Required work
Go through the entries below and copy every line that holds the word "image".

Records shown
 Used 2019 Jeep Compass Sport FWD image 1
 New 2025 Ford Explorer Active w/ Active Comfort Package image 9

==

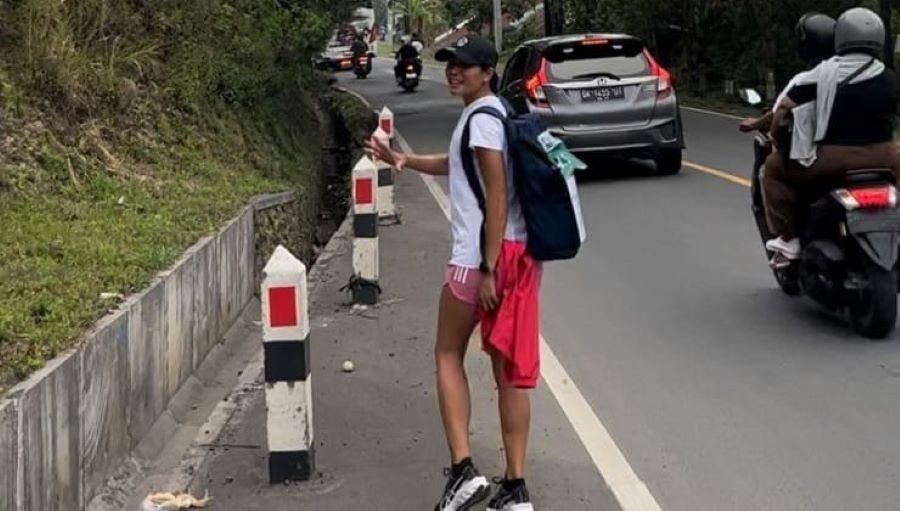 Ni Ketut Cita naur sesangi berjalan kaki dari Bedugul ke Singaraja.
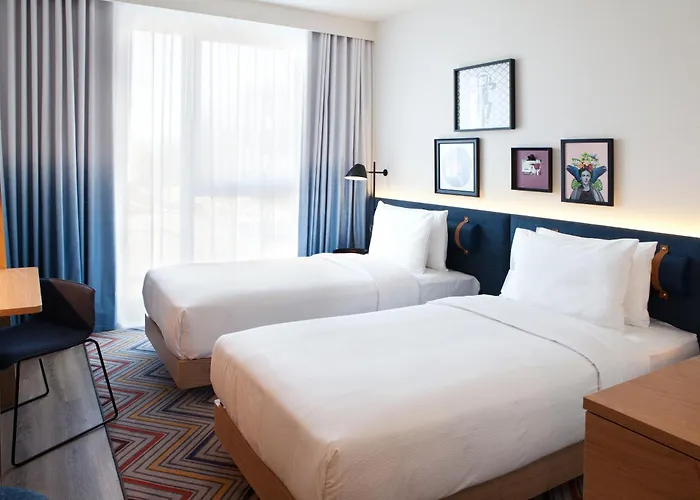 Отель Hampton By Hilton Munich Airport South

Expected output
 Used 2019 Jeep Compass Sport FWD image 1
 New 2025 Ford Explorer Active w/ Active Comfort Package image 9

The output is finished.